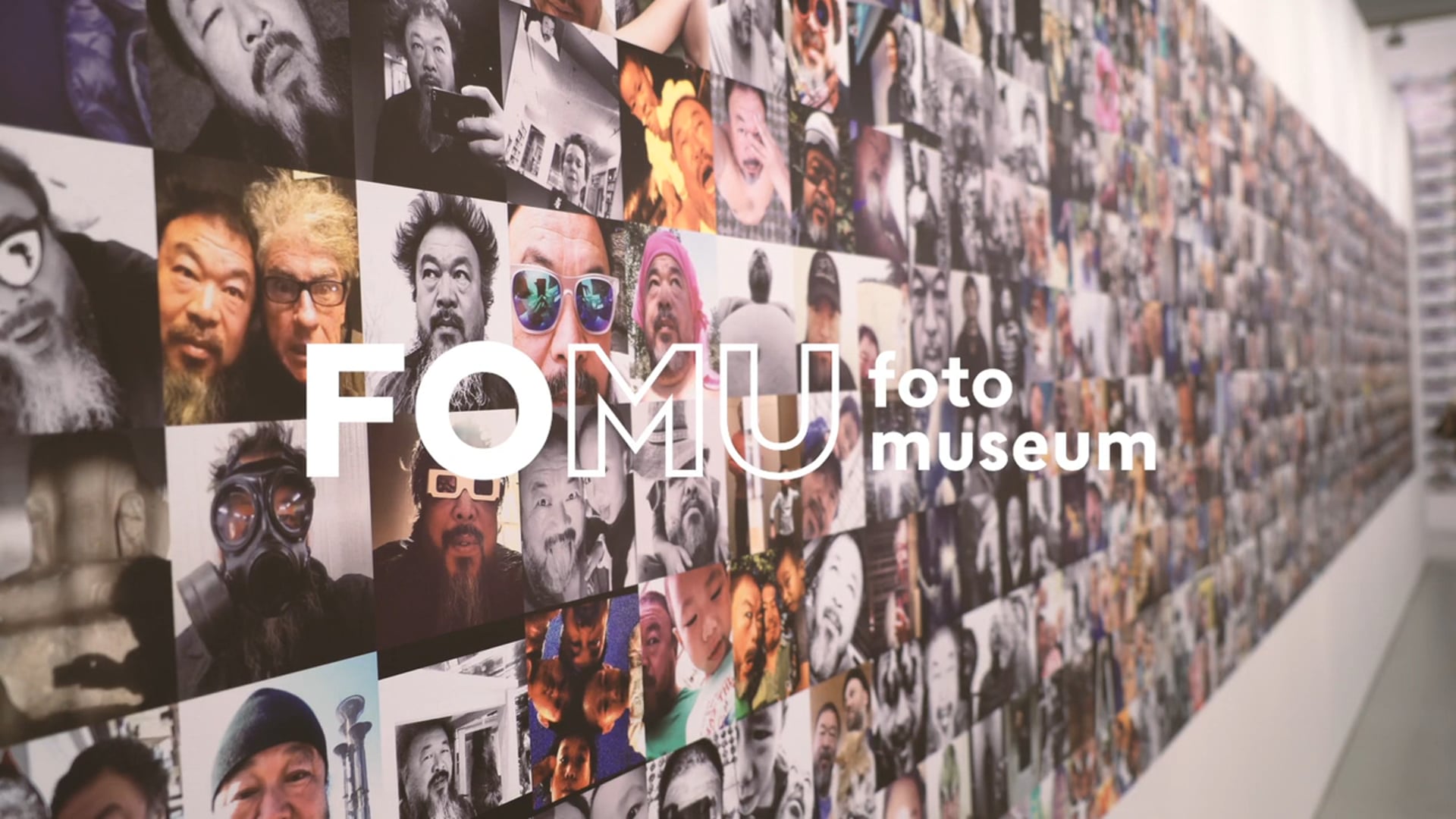 Ai Weiwei for FoMu Antwerp - Expositie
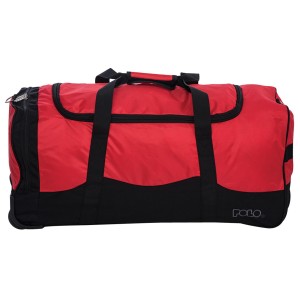 ΤΣΑΝΤΑ ΤΑΞΙΔΙΟΥ TROLLEY AMSTERDAM 60 lt ΜΑΥΡΟ ΜΕ ΚΟΚΚΙΝΟ 909042-03 ΤΣΑΝΤΑ ΤΑΞΙΔΙΟΥ TROLLEY AMSTERDAM 60 lt ΜΑΥΡΟ ΜΕ ΚΟΚΚΙΝΟ 909042-03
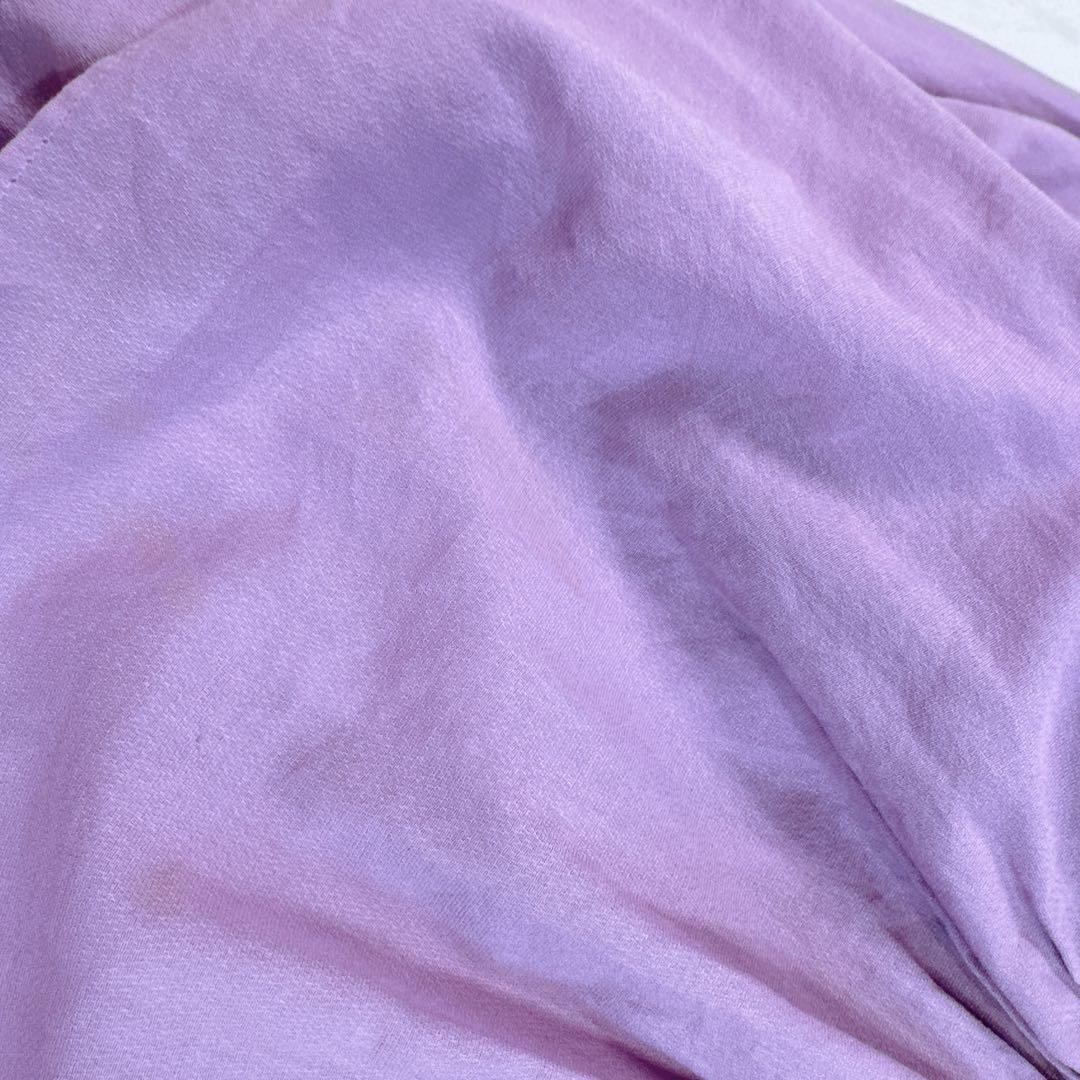 IENA イエナ シフォンドビーカシュクールブラウス 即完売品　24年製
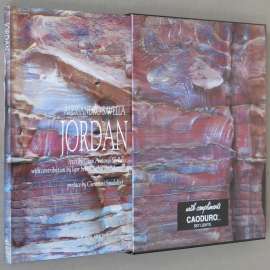 Jordan [Jordánsko; fotografie; Petra; umění]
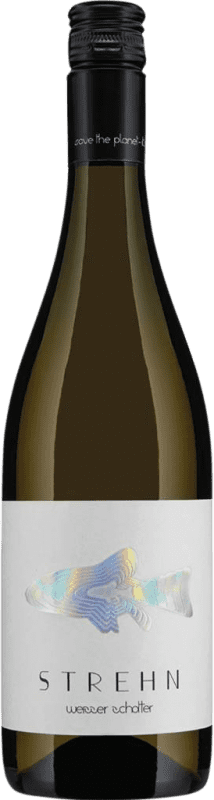 12,95 € | Vino Blanco Strehn Weisser Schotter Trocken — Seco Cuvée I.G. Burgenland Burgenland Austria 75 cl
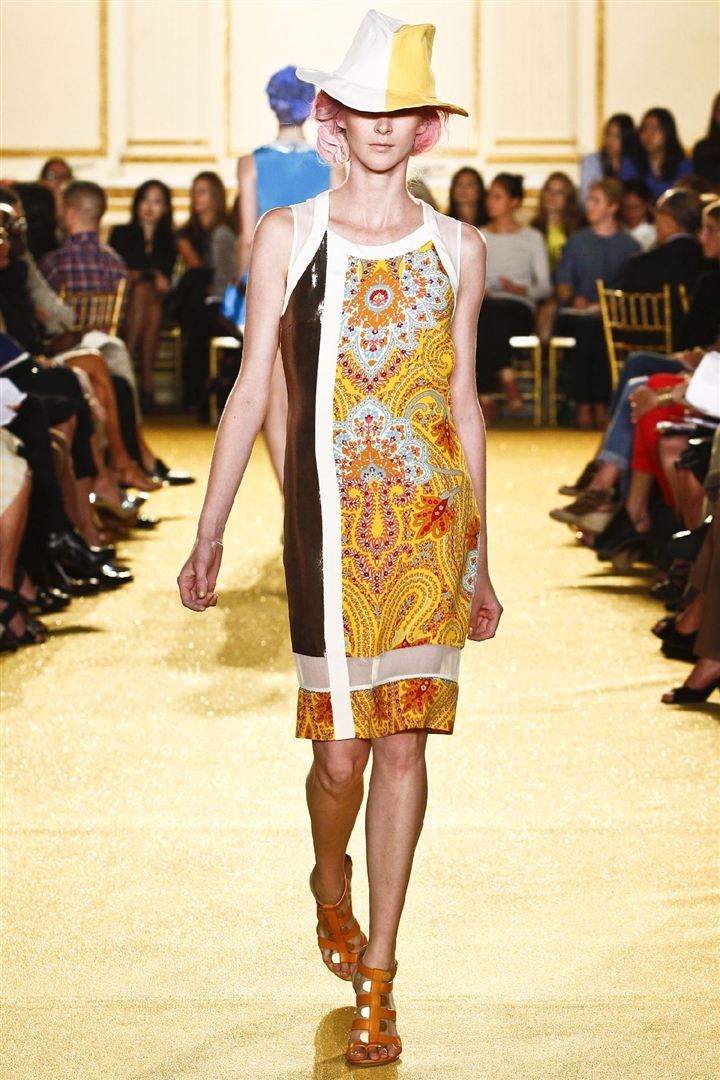 Thakoon 2012 İlkbahar/Yaz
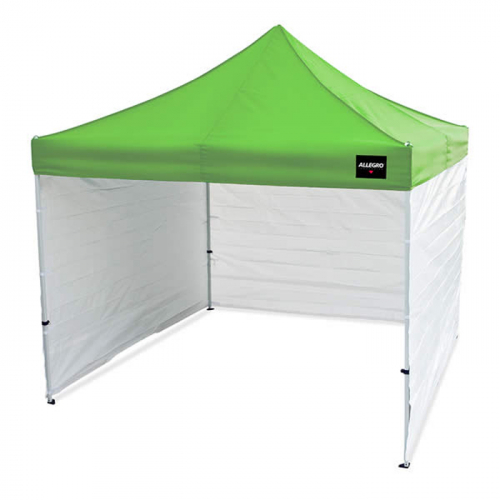 Allegro 9401-66 Deluxe Work Tent 6' x 6' x 6 1/2', 1 Door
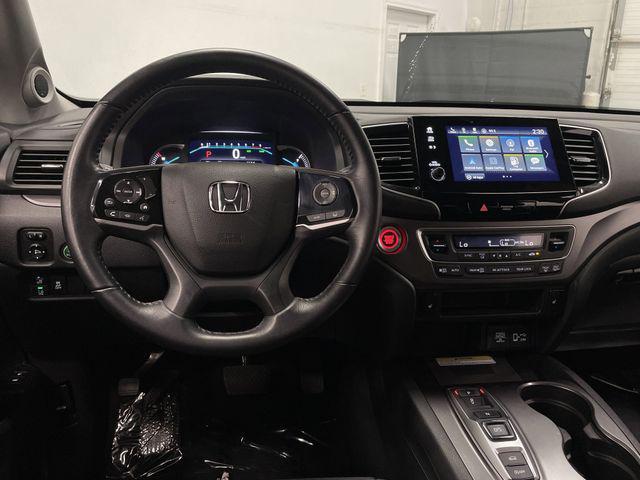 used 2022 Honda Pilot car, priced at $34,595
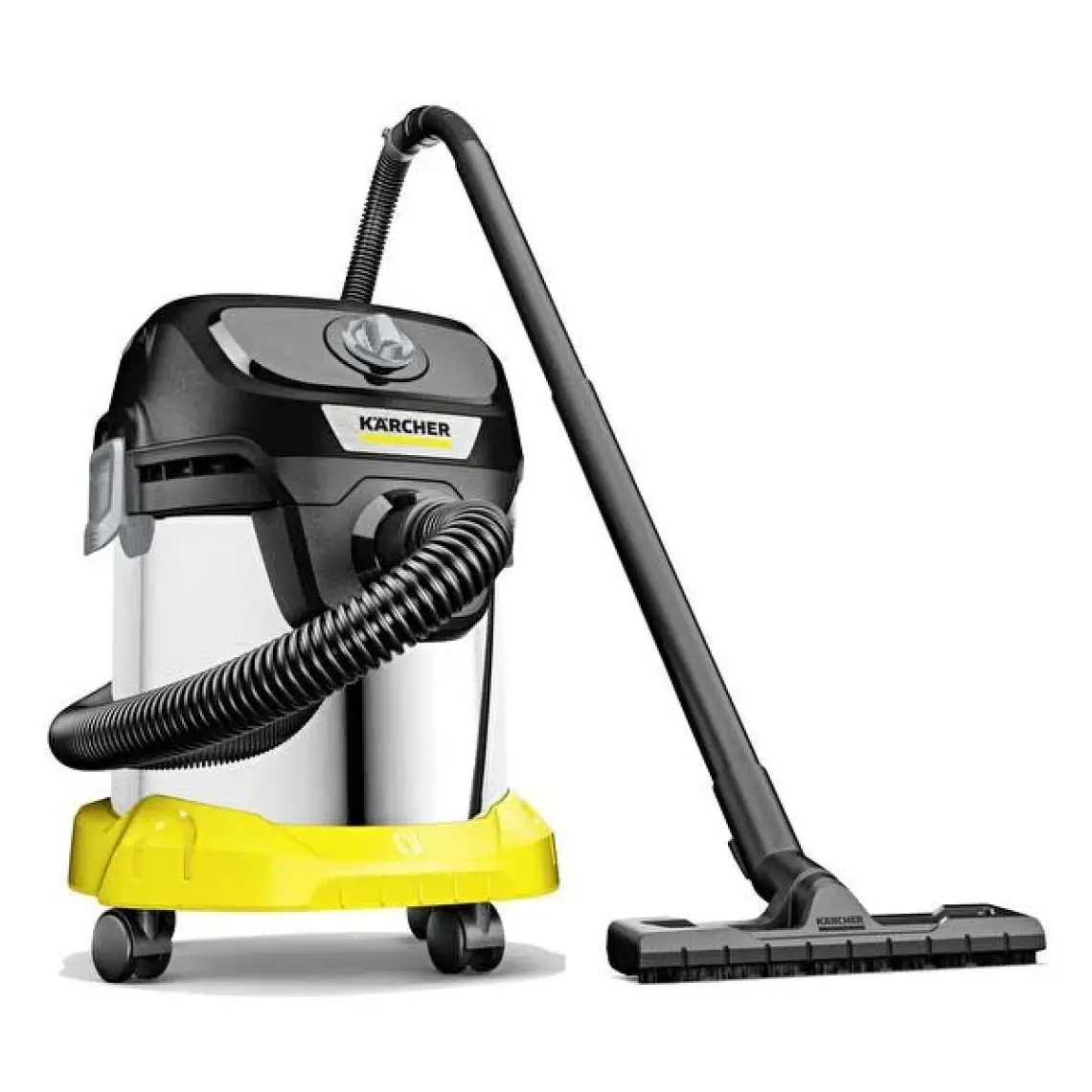 Karcher Kwd 3 S V-15/4/20 Ae Islak Kuru Süpürge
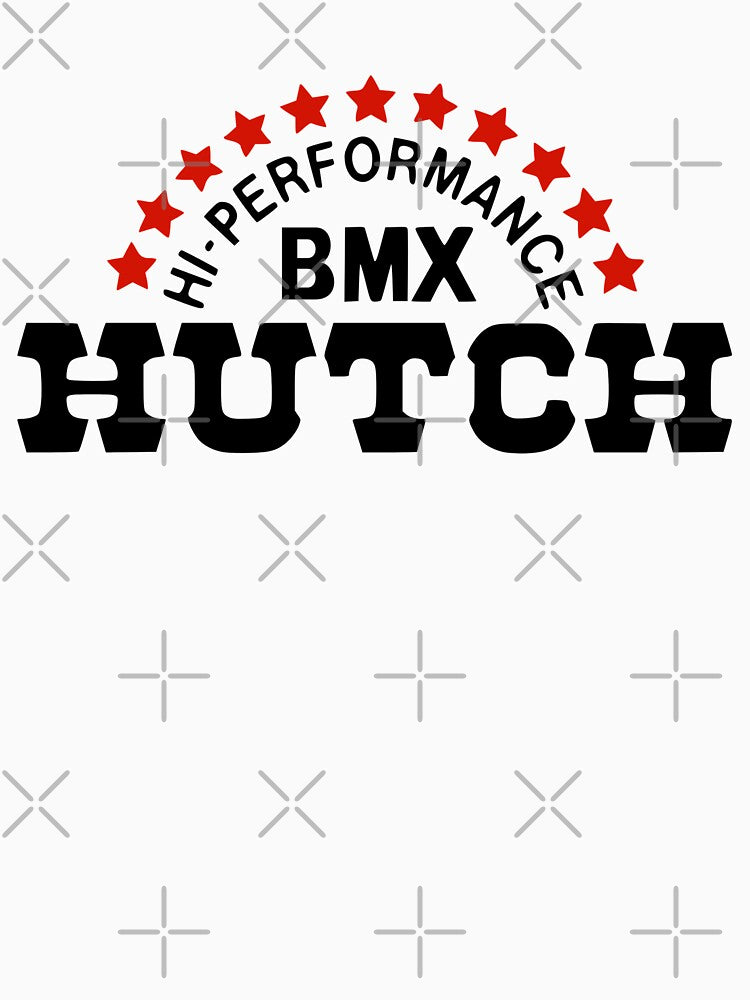Hutch vintage BMX logo by Artyssytb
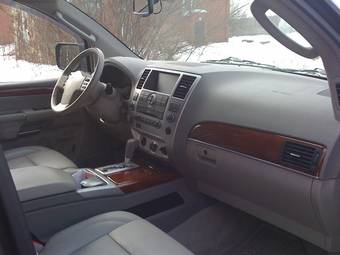 2008 Infiniti QX56 Pictures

* Problem description
Nothing but the lines from the one containing "ΚΟΚΚΙΝΟ 909042-03 ΤΣΑΝΤΑ" through the end of the entries should be written out, exactly and without pictures.

* Written answer
 ΤΣΑΝΤΑ ΤΑΞΙΔΙΟΥ TROLLEY AMSTERDAM 60 lt ΜΑΥΡΟ ΜΕ ΚΟΚΚΙΝΟ 909042-03 ΤΣΑΝΤΑ ΤΑΞΙΔΙΟΥ TROLLEY AMSTERDAM 60 lt ΜΑΥΡΟ ΜΕ ΚΟΚΚΙΝΟ 909042-03
 IENA イエナ シフォンドビーカシュクールブラウス 即完売品　24年製
 Jordan [Jordánsko; fotografie; Petra; umění]
 12,95 € | Vino Blanco Strehn Weisser Schotter Trocken — Seco Cuvée I.G. Burgenland Burgenland Austria 75 cl
 Thakoon 2012 İlkbahar/Yaz
 Allegro 9401-66 Deluxe Work Tent 6' x 6' x 6 1/2', 1 Door
 used 2022 Honda Pilot car, priced at $34,595
 Karcher Kwd 3 S V-15/4/20 Ae Islak Kuru Süpürge
Hutch vintage BMX logo by Artyssytb
 2008 Infiniti QX56 Pictures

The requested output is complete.